Namun berdasarkan putusan PK yang dikabulkan MA belum lama ini, seolah-olah hakim memiliki sikap berkebalikan dengan putusan kasasi.
Menanggapi hal tersebut, Anggota DPRD Kota Bandung Komisi A, Erick Darmadjaya turut mempertanyakan sikap dari penggugat.
"Kenapa enggak dari dulu menggugatnya? zaman masih berlaku (verponding).
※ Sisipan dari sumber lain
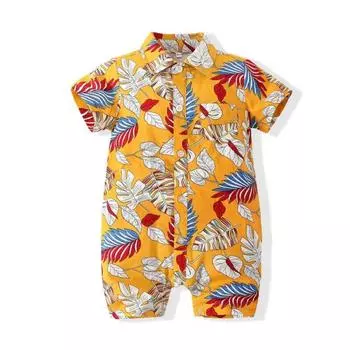 Детские комбинезоны, летний комбинезон с принтом динозавра из мультфильма для детей от 3 до 18 месяцев, детская одежда XL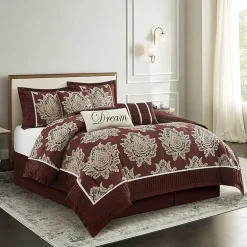 Stratford Park Thess 7pc Damask + Scroll Lightweight Comforter Set
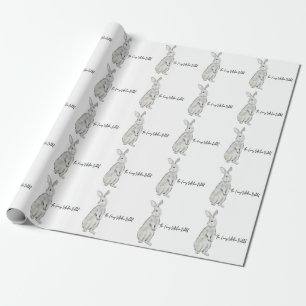 Funny velvet rabbit wrapping paper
Kenapa harus tahun-tahun sekarang?" kata dewan dari fraksi PSI tersebut, kepada Jabar Ekspres, Selasa (21/6).
Dia menjelaskan, kasus yang mendera warga Dago Elos ialah satu dari sekian banyak korban dari para pemain 'verponding'.
"Pekerjaan rumah yang besar dan harus bersama-sama (ditangani). Pemain-pemain eigondom verponding. Secara pemahaman saya dan aturan yang berlaku, memang sudah tidak boleh. Tapi masih ada celah," ujarnya.
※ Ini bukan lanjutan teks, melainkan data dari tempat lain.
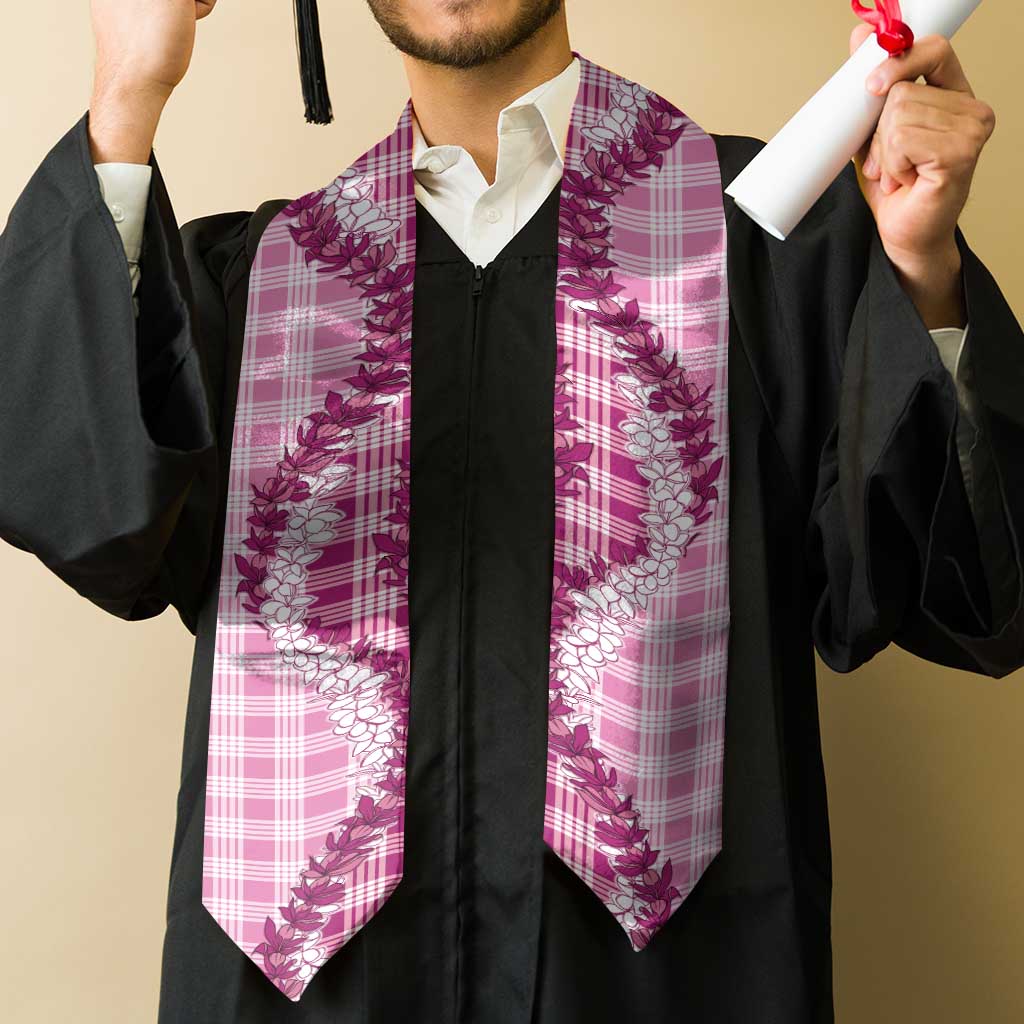 Pink Hawaii Palaka Graduation Stole Hawaiian Honohono Lei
"Kadang-kadang begini celahnya terjadi, lantaran ada mafia kasus, markus atau calo. Kalau enggak (mengincar) ganti rugi, biasanya, ujung-ujungnya dia kalah," tandasnya.
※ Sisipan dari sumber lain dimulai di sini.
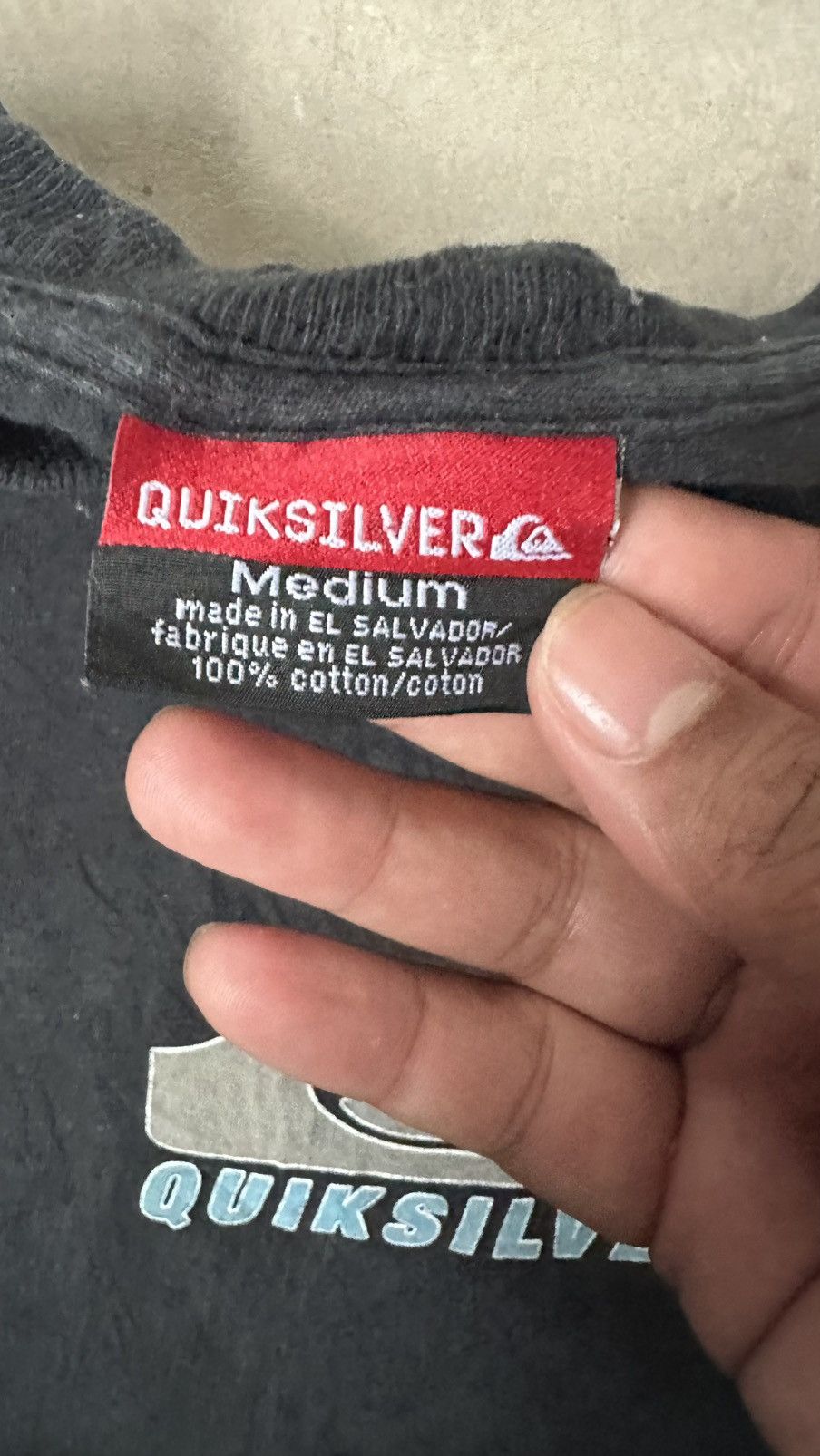Quiksilver VINTAGE QUIKSILVER TEE Size US M / EU 48-50 / 2 - 5 Thumbnail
Dia pun menambahkan, warga yang tersandung masalah yang serupa. Di kemudian hari, seharusnya meminta bantuan para anggota DPRD Kota Bandung. Sampaikan aspirasi.
"Kalau misalnya ada kebuntuan, aspirasinya ada di DPRD Kota Bandung. Audiensi lagi ke DPRD, bikin surat, masalahnya apa? Jadi resmi. Nanti, kan, yang mikir dewan," imbuh Erick.
Mengingat saat ini, kata Erick, kasus sengketa sudah ditangani peradilan. DPRD Kota Bandung tak bisa ikut campur.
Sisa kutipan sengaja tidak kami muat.